Endoscopic biliary drainage has been used as an initial treatment for benign biliary stricture (BBS). Recently, multiple plastic stents and covered self-expandable metal stents have been reported to show promising outcomes for the management of BBS1,2. However, adequate biliary drainage over the long-term using biliary stents is still challenging. Many biliary endoscopic devices including biliary stents have been recently developed to improve the patency of devices3,4,5. However, these attempts to increase the long-term drainage effect by changing the shape or material of plastic stents do not have satisfactory effects. Therefore, there are increasing requirements for new devices that can improve limitations of conducting endoscopic management in BBS.

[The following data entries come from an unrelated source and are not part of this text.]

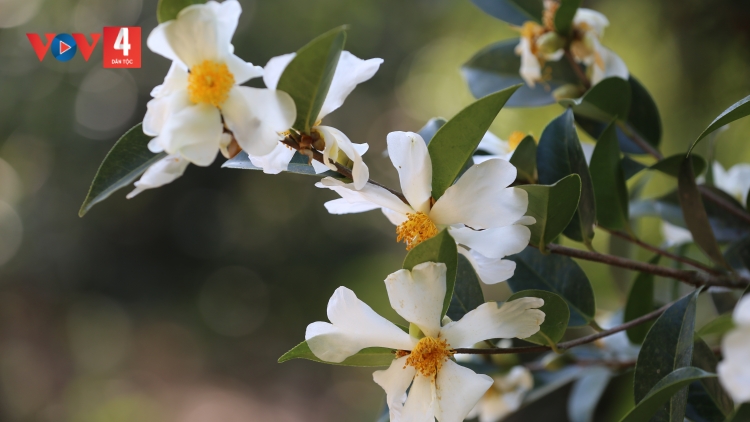 CHƯƠNG TRÌNH KHAY HENG TIỂNG TÀY NÙNG (Thứ Ba, vằn xo 27/12/2022)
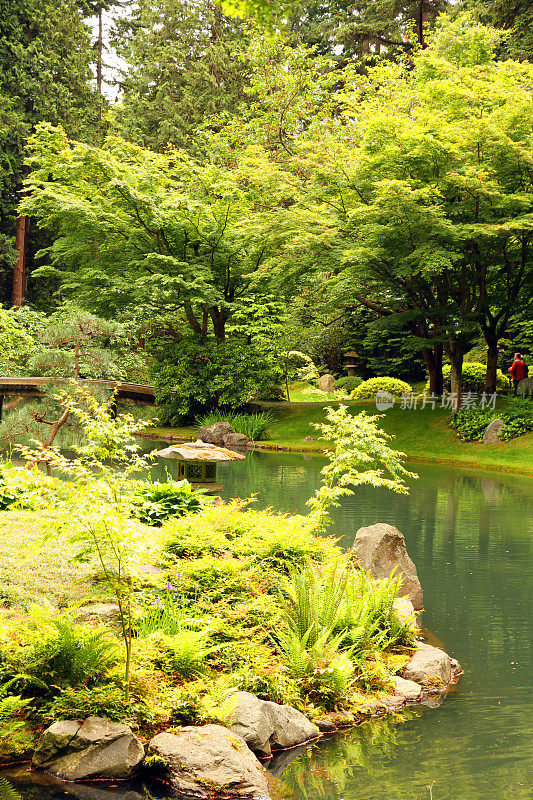 平静的水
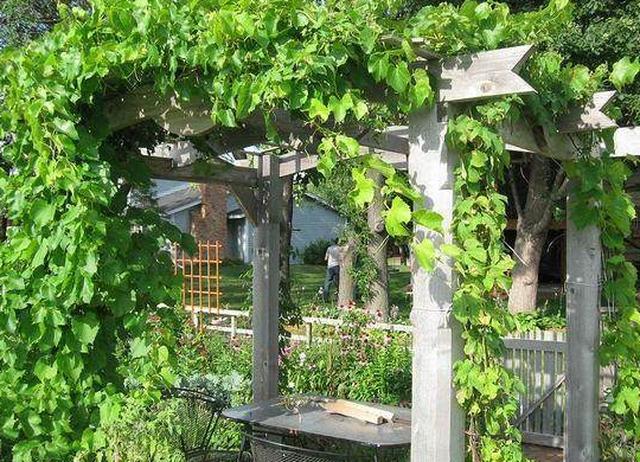 迷人的庭院,怎能少了完美的葡萄架露台?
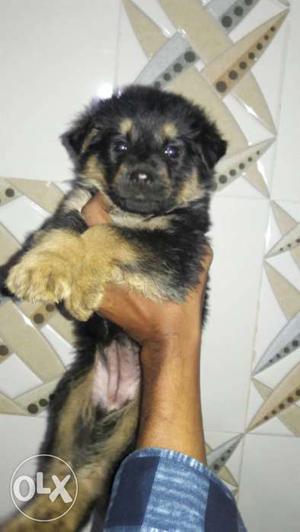 Good quality long coat gsd pups available in
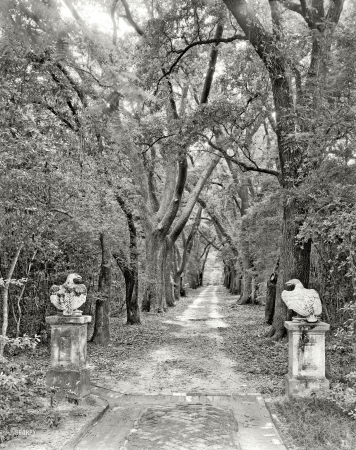 Photo showing: Scary Driveway -- Mobile, Alabama, Spring Hill vicinity 1939. Driveway looking away from William A. Dawson House.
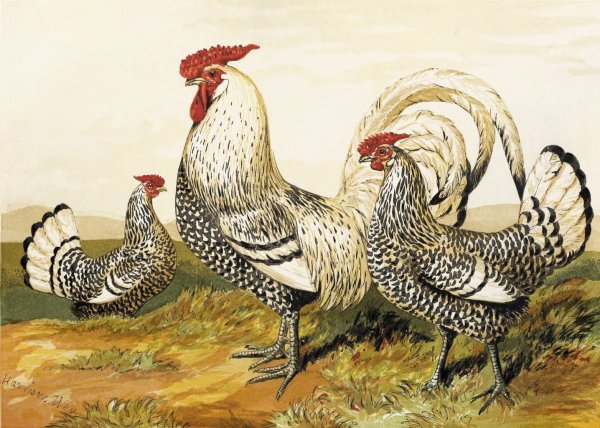 Main Product Photo of Silver Spangled Hamburghs  Painting by Harrison Weir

Before applying to endoscopic devices in humans, appropriate animal models are important for preclinical study to evaluate the efficacy of endoscopic devices. In the past, previous studies mostly reported surgically created percutaneous approaches6,7,8. However, procedures of making animal models using surgically created percutaneous approaches were laborious. Recently, several studies have reported the development of in vivo and in vitro animal models for BBS using an endoscopic biliary approach9,10,11. The first endoscopic biliary approach by Rumella et al. used heat probe and multipolar probe to produce BBS12. However, these studies were conducted using methods including heat probe and multipolar probe other than intraductal radiofrequency ablation (RFA) for BBS. Even if an endoscopic approach was used, the experiment was conducted using a non-thermal injury method such as endoscopic detachable snare. Some studies have reported a short observation time without performing follow-up liver function tests commonly conducted in clinical practice.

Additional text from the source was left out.